Atingida por um tiro de fuzil na cabeça em julho, dentro de casa, Vanessa Vitória disse a um parente que estava com medo de morrer enquanto agonizava. Ela tinha 10 anos e morava na favela Camarista Méier, zona norte da capital do Estado. Apenas em 2017, nove crianças foram atingidas por balas perdidas no Rio de Janeiro (Estadão).
A última criança assassinada foi Vitor Gabriel, de 3 anos. No dia 30 de outubro Vitor brincava com os irmãos na sala da casa onde morava, na favela Buraco Quente, em São João de Meriti, e foi atingido por um projétil que atravessou o telhado. Se a criança for pobre, não há mais segurança dentro de casa, na escola, no carro do pai, no parquinho e nem no útero da mãe.
As crianças são extremamente sensíveis e capazes de perceber a violência que as cerca. Os amigos de Vanessa, depois de saberem que ela foi assassinada, passaram a conviver com o medo de morrer. Os irmãos de Vitor, que brincavam ao lado dele e poderiam ter sido atingidos, guardam o mesmo sentimento. As crianças que brincariam com Paulo Henrique, morto no Complexo do Alemão, em abril, quando estava indo jogar videogame na casa de um amigo, já conheciam o medo da violência há bastante tempo e o pavor passou a ocupar um espaço ainda maior em suas vidas. Passaram a ter medo os colegas de classe de Maria Eduarda, de 13 anos, baleada e morta em março durante uma aula de educação física na Escola Municipal Daniel Piza, em Acari.
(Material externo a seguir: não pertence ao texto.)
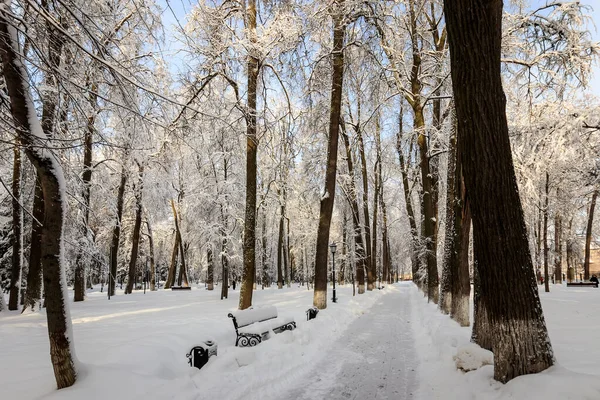 Winter park, a hóval borított fák. — Stock Fotó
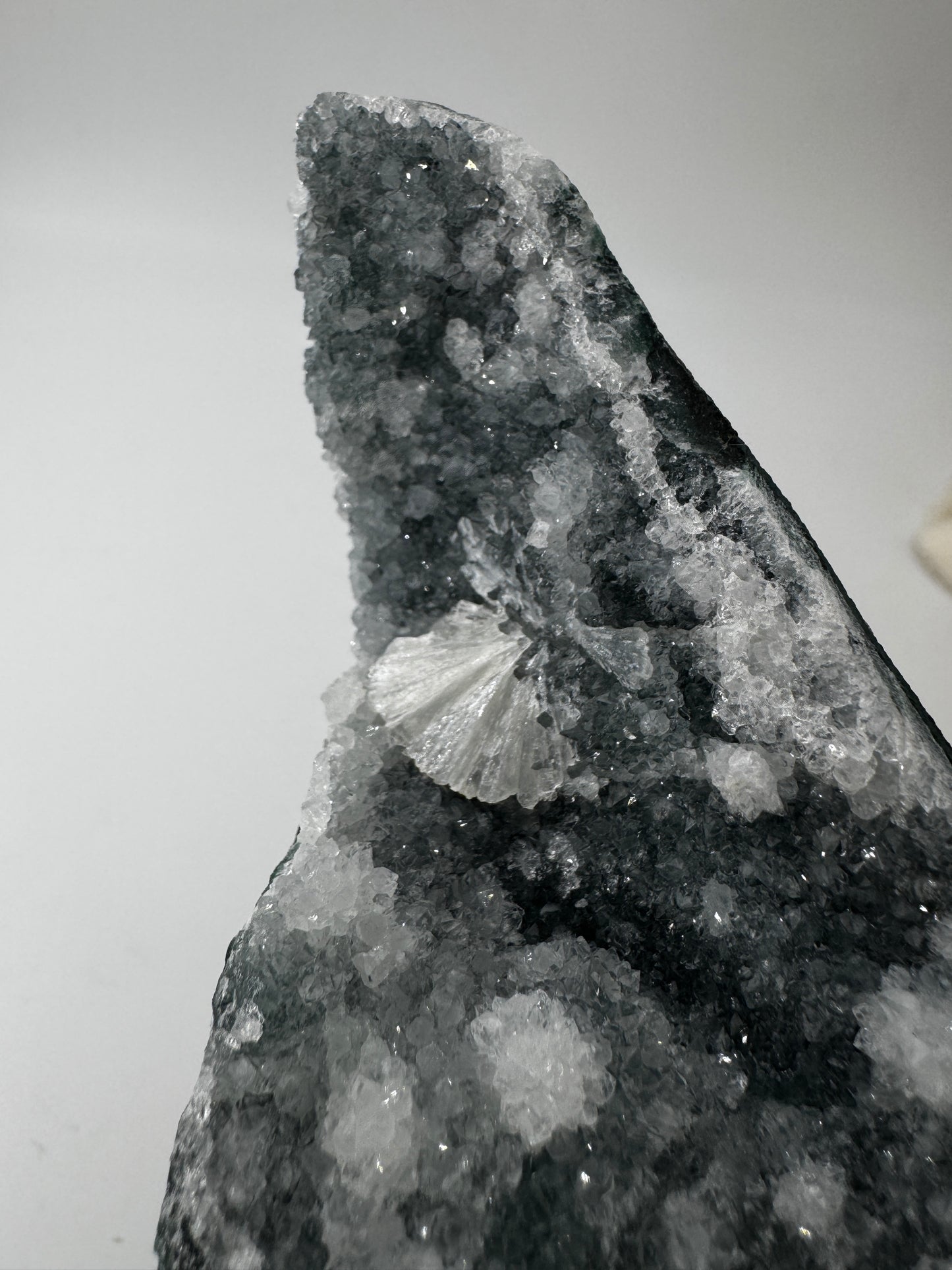 Teal-Chalcedon TC74 aus Indien, langgestreckte Mineralstufe mit botryoidaler Struktur in Petrolblau-Grün.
Cento e cinquenta mil estudantes da rede municipal do Rio ficaram sem aulas neste ano letivo por causa da violência. Entre as principais propostas das três esferas de governo, blindar muros e paredes das escolas com argamassa especial americana e não fazer operações policiais durante o horário escolar. Não existem políticas públicas mais expressivas para garantir o direito infantil à vida. Faltam esperança, competência e honestidade, por isso não há ideias melhores. Eventualmente enfiam as Forças Armadas nas ruas. Tentam pacificar na marra, não através de desenvolvimento social. Após a retirada das Forças Armadas, a pressão sobre os bandidos diminui e o perigo volta.
O Estado permanece entregue à luta de uma polícia corrupta e mal preparada contra bandidos sem farda. Quando Eduardo de Jesus, de 10 anos, foi assassinado brincando de carrinho na porta de casa, o policial que atirou tentou modificar a cena do crime, mas foi impedido pela família do garoto. Esse é o caráter predominante na Polícia Militar do Estado do Rio de Janeiro. Ela alega que participa de uma guerra e fatalidades como crianças atingidas podem acontecer. A guerra é contra vermes que governam o Estado em benefício próprio, como fez Sérgio Cabral. Em segundo lugar, contra os bandidos criados por governantes corruptos. Tragédias como um servidor público dar um tiro em uma criança são inadmissíveis.
Recuperar o controle sobre o Rio de Janeiro exige que o perfil principal das vítimas seja admitido: são pobres. A sociedade fluminense reprova a morte de crianças, claro. Mas o lado ignorante da classe média – que não é pequeno – pensa que o pobre é culpado pela própria morte porque “faz filho o ano inteiro, não educa direito e produz esses bandidos”. O pobre deve suportar a pobreza com honestidade, aproveitar as maravilhas do ensino público e tentar ser alguém na vida, na opinião de milhões de brasileiros. A compaixão traria decisões políticas melhores nas urnas.